■ Activity ■
Would you please output, word for word, the span of the listing below that opens on the line containing "West Indies batsman" and closes on the line containing "Curved heel knee high boots for women"? Include both ends and nothing more.

○ ○ ○

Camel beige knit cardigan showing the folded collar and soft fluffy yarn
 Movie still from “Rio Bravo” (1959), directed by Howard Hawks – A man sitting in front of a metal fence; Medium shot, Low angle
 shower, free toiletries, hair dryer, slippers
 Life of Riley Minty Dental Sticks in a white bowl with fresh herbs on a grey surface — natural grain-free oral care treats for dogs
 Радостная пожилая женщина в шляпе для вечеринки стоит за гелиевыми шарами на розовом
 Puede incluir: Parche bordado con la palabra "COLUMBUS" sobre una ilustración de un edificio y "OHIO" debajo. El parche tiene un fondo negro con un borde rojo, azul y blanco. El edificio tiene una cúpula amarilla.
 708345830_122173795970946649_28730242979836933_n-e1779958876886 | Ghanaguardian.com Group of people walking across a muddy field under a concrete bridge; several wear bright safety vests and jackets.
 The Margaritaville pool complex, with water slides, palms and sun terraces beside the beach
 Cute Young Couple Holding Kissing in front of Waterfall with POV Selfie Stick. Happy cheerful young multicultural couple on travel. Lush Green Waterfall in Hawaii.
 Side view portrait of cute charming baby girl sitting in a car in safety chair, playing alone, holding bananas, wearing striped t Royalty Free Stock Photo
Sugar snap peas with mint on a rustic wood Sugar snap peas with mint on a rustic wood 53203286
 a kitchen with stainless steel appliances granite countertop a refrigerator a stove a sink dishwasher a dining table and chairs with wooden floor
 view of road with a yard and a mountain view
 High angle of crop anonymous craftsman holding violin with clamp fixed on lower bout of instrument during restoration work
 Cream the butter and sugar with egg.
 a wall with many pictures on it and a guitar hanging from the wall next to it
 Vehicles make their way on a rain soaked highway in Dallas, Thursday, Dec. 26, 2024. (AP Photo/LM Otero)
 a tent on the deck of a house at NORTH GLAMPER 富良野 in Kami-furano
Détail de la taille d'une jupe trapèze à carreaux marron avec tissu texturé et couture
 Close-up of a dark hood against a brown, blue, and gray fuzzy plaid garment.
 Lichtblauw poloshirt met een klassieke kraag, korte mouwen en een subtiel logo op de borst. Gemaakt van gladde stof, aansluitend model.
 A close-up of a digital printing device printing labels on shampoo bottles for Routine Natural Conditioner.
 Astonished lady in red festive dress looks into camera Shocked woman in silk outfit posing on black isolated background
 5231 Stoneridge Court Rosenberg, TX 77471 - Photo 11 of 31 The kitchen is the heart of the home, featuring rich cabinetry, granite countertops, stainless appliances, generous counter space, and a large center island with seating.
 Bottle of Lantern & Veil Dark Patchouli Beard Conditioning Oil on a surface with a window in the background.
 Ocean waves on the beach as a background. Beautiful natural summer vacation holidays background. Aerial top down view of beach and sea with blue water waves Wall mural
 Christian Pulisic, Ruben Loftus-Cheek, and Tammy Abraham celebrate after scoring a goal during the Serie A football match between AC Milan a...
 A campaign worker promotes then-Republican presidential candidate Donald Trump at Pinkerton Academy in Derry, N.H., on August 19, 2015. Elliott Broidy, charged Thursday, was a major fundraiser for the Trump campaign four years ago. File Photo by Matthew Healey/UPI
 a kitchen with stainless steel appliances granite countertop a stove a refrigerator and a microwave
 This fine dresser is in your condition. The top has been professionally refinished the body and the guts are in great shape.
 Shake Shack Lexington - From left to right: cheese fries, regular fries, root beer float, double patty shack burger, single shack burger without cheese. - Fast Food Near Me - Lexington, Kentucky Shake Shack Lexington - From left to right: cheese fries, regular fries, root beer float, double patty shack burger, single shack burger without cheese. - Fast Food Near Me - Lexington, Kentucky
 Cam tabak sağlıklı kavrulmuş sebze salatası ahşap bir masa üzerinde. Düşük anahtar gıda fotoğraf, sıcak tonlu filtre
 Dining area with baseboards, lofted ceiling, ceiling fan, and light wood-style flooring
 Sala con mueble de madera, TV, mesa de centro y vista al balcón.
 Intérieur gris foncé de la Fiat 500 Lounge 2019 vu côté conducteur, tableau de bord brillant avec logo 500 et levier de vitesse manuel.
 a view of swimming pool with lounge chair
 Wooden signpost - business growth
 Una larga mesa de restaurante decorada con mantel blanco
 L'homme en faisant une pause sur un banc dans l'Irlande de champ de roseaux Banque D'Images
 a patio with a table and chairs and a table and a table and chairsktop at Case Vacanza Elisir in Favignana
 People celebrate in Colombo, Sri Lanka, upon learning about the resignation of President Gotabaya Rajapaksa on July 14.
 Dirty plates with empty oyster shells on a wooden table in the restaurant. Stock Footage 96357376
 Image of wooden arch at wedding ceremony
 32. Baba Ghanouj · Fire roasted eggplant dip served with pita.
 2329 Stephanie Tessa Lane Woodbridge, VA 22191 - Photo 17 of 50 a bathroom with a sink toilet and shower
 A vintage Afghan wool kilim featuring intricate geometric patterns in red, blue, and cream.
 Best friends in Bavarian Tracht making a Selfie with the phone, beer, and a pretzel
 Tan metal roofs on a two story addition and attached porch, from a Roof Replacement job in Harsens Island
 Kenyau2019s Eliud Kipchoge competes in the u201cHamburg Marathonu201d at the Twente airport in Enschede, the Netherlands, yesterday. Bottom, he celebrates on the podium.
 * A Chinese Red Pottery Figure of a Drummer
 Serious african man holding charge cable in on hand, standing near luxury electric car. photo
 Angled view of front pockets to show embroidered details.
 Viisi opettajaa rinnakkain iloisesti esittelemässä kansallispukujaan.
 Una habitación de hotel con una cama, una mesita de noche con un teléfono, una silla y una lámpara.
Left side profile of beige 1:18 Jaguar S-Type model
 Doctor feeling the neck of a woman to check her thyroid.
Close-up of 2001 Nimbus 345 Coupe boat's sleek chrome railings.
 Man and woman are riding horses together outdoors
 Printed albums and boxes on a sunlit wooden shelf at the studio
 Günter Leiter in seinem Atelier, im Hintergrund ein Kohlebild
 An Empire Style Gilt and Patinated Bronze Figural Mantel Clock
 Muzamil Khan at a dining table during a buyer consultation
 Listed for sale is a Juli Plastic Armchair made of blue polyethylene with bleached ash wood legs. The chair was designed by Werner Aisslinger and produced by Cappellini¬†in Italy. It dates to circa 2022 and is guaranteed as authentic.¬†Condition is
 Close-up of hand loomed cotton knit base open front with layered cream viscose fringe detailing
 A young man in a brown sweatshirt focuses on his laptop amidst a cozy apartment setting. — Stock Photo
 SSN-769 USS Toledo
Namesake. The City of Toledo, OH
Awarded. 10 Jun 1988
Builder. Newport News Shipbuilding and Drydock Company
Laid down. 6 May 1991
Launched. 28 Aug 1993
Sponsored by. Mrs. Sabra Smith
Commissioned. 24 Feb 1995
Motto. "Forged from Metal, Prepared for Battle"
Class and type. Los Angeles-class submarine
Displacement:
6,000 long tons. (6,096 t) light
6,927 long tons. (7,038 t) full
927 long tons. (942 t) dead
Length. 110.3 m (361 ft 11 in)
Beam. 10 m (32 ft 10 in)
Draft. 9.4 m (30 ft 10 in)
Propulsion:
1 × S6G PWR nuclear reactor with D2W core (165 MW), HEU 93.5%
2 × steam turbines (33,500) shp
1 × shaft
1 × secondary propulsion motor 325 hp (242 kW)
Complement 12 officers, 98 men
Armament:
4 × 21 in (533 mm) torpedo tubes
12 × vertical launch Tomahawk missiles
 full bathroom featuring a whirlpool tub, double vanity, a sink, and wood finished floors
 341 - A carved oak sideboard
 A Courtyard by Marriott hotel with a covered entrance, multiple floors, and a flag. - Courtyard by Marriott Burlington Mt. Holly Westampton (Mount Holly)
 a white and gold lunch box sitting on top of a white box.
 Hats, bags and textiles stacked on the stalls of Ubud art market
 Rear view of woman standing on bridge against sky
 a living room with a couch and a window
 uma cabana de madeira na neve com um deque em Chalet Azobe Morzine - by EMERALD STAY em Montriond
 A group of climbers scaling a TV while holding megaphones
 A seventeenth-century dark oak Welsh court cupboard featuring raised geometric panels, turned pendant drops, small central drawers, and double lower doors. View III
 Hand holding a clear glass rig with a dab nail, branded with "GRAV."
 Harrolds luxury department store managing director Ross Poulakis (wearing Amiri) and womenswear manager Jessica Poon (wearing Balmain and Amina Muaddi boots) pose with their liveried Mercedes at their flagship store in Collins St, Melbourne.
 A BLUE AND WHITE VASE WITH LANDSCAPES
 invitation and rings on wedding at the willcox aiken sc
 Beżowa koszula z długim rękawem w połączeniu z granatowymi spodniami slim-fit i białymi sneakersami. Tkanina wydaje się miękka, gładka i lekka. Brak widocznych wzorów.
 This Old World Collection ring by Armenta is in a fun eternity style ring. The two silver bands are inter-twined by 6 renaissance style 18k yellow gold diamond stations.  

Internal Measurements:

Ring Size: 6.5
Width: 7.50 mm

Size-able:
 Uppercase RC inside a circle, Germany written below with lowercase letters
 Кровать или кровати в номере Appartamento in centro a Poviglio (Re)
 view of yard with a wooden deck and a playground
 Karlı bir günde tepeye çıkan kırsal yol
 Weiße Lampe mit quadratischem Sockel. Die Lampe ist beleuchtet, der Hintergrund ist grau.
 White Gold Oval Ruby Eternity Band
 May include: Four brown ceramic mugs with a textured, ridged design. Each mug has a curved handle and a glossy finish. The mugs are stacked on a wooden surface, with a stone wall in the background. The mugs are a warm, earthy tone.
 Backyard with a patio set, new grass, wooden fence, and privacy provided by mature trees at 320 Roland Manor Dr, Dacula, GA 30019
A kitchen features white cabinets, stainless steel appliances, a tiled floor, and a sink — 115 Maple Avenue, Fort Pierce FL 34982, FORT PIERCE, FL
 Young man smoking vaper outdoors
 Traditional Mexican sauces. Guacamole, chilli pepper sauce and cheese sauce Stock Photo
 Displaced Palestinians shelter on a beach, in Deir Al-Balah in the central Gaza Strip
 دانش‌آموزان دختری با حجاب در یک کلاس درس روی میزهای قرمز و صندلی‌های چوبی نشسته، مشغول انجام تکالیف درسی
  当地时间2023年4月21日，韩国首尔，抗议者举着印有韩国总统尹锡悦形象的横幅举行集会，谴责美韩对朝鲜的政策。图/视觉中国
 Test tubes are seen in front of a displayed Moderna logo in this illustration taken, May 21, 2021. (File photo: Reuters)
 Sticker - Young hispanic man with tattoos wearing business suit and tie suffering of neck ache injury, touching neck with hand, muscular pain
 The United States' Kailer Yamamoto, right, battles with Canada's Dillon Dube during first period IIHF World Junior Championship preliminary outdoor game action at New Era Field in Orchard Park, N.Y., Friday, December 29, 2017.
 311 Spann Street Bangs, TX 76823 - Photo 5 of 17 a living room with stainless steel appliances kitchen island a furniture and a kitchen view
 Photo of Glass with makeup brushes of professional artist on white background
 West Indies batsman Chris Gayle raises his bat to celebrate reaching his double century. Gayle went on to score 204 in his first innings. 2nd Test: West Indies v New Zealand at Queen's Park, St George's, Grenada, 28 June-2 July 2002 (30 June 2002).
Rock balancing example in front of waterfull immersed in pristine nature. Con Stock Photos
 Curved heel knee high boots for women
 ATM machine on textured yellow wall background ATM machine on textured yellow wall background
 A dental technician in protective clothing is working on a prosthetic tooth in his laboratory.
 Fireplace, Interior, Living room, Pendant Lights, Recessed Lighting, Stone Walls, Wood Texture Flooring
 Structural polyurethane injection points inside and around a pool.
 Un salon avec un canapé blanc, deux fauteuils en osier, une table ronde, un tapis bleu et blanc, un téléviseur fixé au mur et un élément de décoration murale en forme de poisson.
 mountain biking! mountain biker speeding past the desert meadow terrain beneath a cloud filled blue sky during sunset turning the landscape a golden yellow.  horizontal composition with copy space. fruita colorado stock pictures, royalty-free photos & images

○ ○ ○

■ Result for this task ■
 West Indies batsman Chris Gayle raises his bat to celebrate reaching his double century. Gayle went on to score 204 in his first innings. 2nd Test: West Indies v New Zealand at Queen's Park, St George's, Grenada, 28 June-2 July 2002 (30 June 2002).
Rock balancing example in front of waterfull immersed in pristine nature. Con Stock Photos
 Curved heel knee high boots for women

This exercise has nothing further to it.